# 2011 Extreme Coloration..



## Piercedcub32 (Oct 1, 2011)

Hey guys just curious how your little guys colors are coming along, I have noticed Logan has a lot of brown, pretty much everything on his head neck and back are all brown (I thought he would be more white). So wondering what colors yours are, and looking for size updates as well. Thanks, and hope everyone is doing well! 

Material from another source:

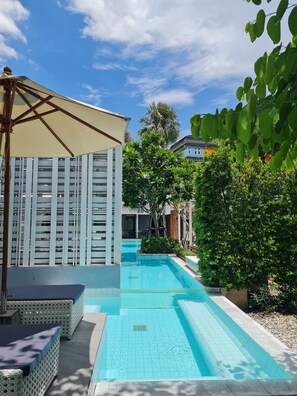 A swimming pool with a pergola and lounge chairs, surrounded by greenery and a building with a white facade. - Treevana Club Chiangmai (Chiang Mai)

Logan is now 23.5 inches, seems to have been hitting a lull in his growth hasn't shed in about 2 weeks. That being said, its like his brain is growing super fast. I can't believe how smart they are!


----------



## kellen.watkins (Oct 3, 2011)

mine is mostly white with a little brownish olive color on the back around the tail and is about 24"


----------



## new2tegus (Oct 6, 2011)

Mine is about the same length and mostly white with a little brown and olive.


----------



## Piercedcub32 (Oct 7, 2011)

UGH i wanted mine to be white! I'm not completely happy with him being brown but he is still an amazing animal! Perhaps next season i get one from a more popular breeding couple. mine this year is a sleet snow combo.


----------



## spark678 (Oct 8, 2011)

Dont they change color with age? Perhaps the brown and olive will turn white after time. Mines about 12" so well see if mine was born in a later batch of whiter extremes.


----------



## kellen.watkins (Oct 8, 2011)

All extremes dull out to a beige-ish color as they get old, but they. All seem to whiten up as they leave that juvenile stage, look at all of varnyards older extremes


----------



## slideaboot (Oct 8, 2011)

The white will come...patience. My guys are hefty yearlings and are still a bit yellow if anything. However, their heads are slowly lightening up. It'll happen...


----------



## Dirtydmc (Oct 9, 2011)

Dexter is really creamy. Kinda toasted looking.


----------



## reptastic (Oct 10, 2011)

My giant was dark, kinda greyish then at about 6 mos old he turned white then creamy with some dark features ie he head region, and he gets darker kinda like toasted coconuts hen he is in shed, they do get darker as they age


----------



## kellen.watkins (Oct 10, 2011)

Yes patience, from the threads I've been reading blues don't whiten up til about 6 months which is a. Relief cause eli is really brownish, vanillas head is bright white but olivish everywhere else


----------



## Piercedcub32 (Oct 11, 2011)

Thanks guys! Patience it is! LOL I keep forgetting they are only 4 months old ;o)


----------